Copyright makes sense doesn’t it? If you put your heart and your hard graft into making music, or writing a novel, or contribute to the production of a major film, shouldn’t you get to choose what happens to your work? Woudn’t it be an affront to justice to have someone do whatever they like to it? Author Phillip Pullman describes it as “theft, as surely as reaching into someone’s pocket and taking their wallet”. The argument is simple and clear.
As with many things however, it isn’t as open and shut as it first appears. The presentation of unauthorised sharing as equivalent to physical theft is inaccurate, as the analogy does not make the leap from analogue to digital. This is a problem of old metaphors, something that often crops up when thinking about technology (link to evgeny morozov, the net delusion). When downloading a file from a server, or in parts from many other people using bittorrent, the process is non-destructive and you end up with two copies. In the wallet scenario, Philip no longer has his bank cards and pictures of his grandchildren. Thus digital piracy is not a zero sum game since it’s possible to produce an infinite number of copies of any particular work.

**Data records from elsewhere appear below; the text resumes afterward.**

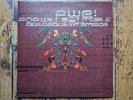 Pop Will Eat Itself - Dos Dedos Mis Amigos (1994) LP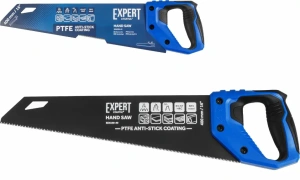 Ножовка STARTUL EXPERT по дереву 400 мм 11 TPI (SE4330-40)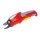 WOLF-Garten 7293000 Gartenschere RR 2000 Accu Power Bild 1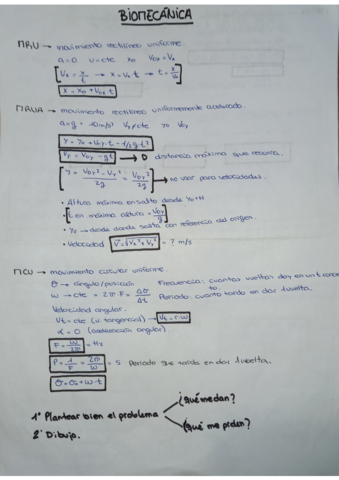Formulas-1o-Parcial.pdf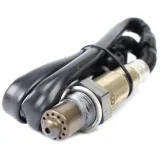 sonda-lambda-mercedes-e-w211-w212-c207-a207-s211-producent-czesci-me-premium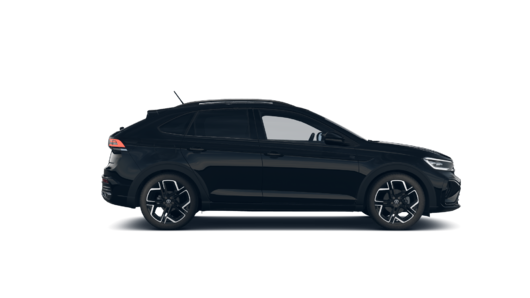 Slika Taigo R-Line Plus 1.5 l TSI 110 kW DSG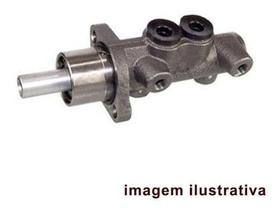 Cilindro Mestre Freio 452700 Lc Idea 2006 A 2017 Lc452700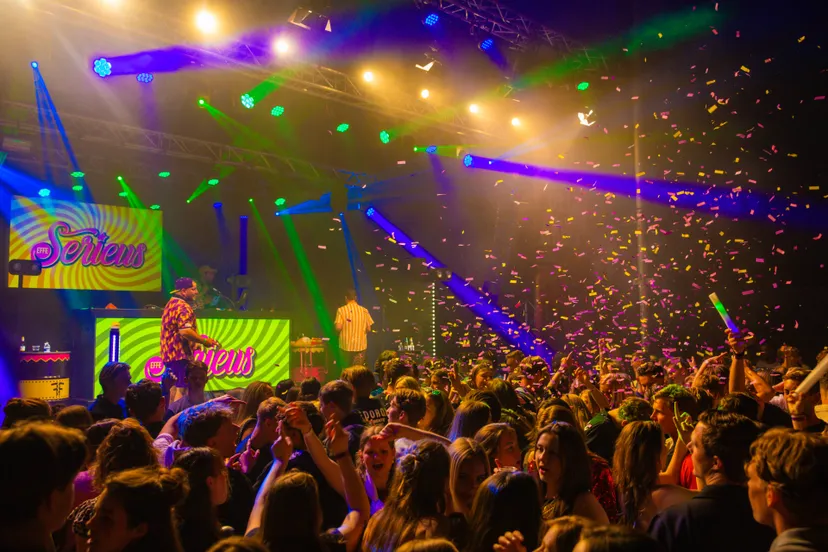 2025 05 16 get in the ring festival 117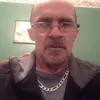 Bernard Robichaud - @bernardrobichaud0 - TikTok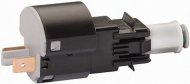 Переключатель HELLA 6DD 008 622-781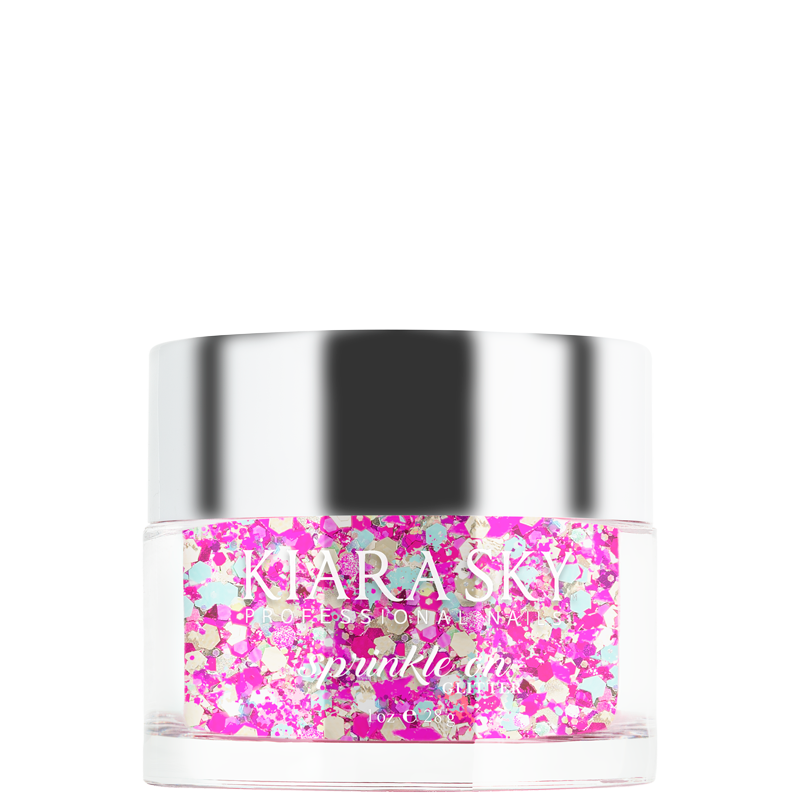 SP224 1 oz Jar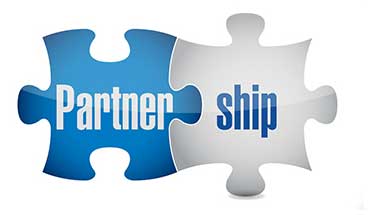 德庫瑪代理商加盟條件 德庫瑪代理商加盟條件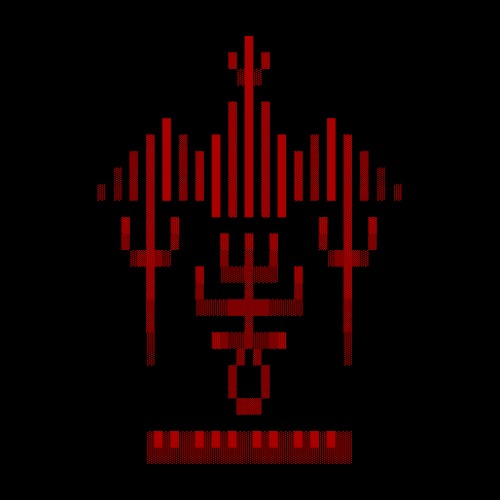 ░█░█░░█░█░█░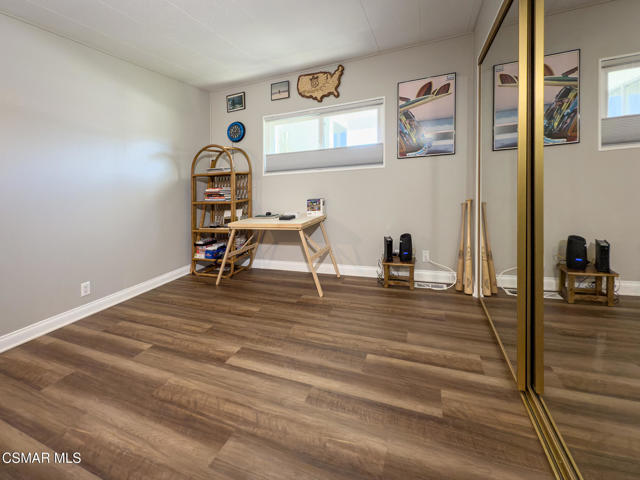 MLS #225003921 image #30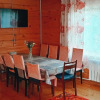Гостевой дом УльгеньДом, фото 6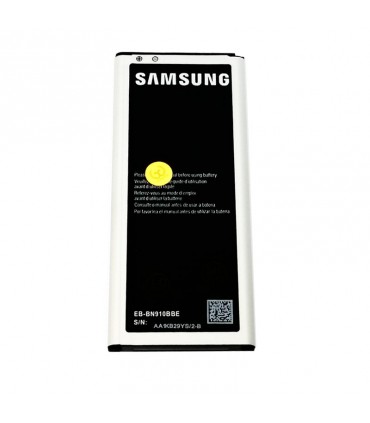 باتری سامسونگ گلکسی نوت 4 یوشیتا Samsung Galaxy Note 4 Yoshita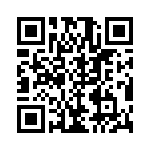 KTY83-150-113 QRCode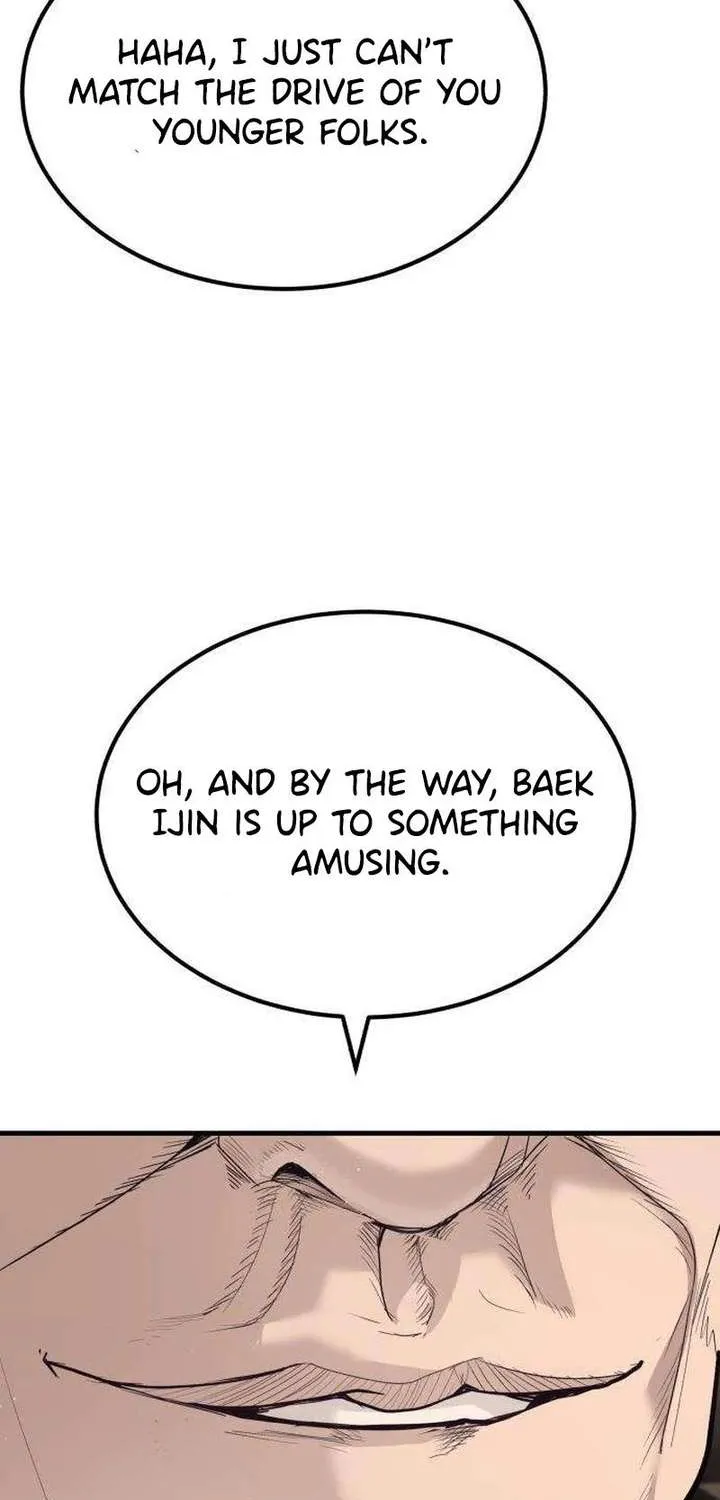 Chapter 5 — page 111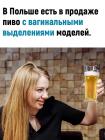 Прикрепленное изображение: kqsLR6xJQ5w.jpg
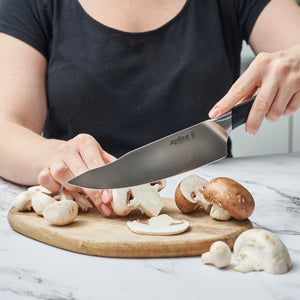 Comfort Pro Chef's Knife 20cm / 8" - Zyliss UK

The concept of a file as being the same as a loaf of bread is bizarre. It supports big record labels who have been pumping huge sums of money into ridiculous adverts for the past 10 years, while watching their empire crumble around them. We really have to rethink what a creative work is. The only justification for protection of copyright is the sustenance and reward of the author. There is an appropriate amount of money that should be directed towards the creator to enable them to live a decent life and produce new works.
There’s a moral indignation present in a lot of these arguments, not based on economic argument, but promoted by the thought of someone getting something for nothing, without having earned it. The reward for creating value and sustenance of that person should be our goal, rather than making an arbitrary determination about who deserves to have what.
Creative works join a pool of culture and improve it. A single artwork like a piece of music can’t exist in isolation. What would dubstep be without dub and hip hop? What would dub be without reggae? Copyright holds a choke chain on the ability of an artist to create since they cannot sample old works. While some art forms like rap beats make very explicit use of sampling, everything creative does to some degree. You couldn’t besmirch if Shakespeare hadn’t invented the word.
So what we need are an appropriate set of rights that reflect the interweaved network of creativity we call our culture. Property is a bundle of rights. It’s never total. So we don’t have to either make everything free or castrate file sharers. We can assign some intellectual property rights to creators but recognise what they’ve borrowed from culture and unlock some of the capital to allow future creators to do the same.
To this end copyright should have a much more restrictive time limit of 10 years with liberal exceptions for creative works that remix existing material. Of course the current logic of copyright is unsustainable. We are denying ourselves the opportunity for a greater culture that builds on itself over and over because of the desire to put a value and restriction on something that cannot be depleted. We are forced to do this because the material resources we depend upon to survive are arbitrarily divided, compelling artists to create things that make money, rather than using our collective resources to create things that enhance our spirits.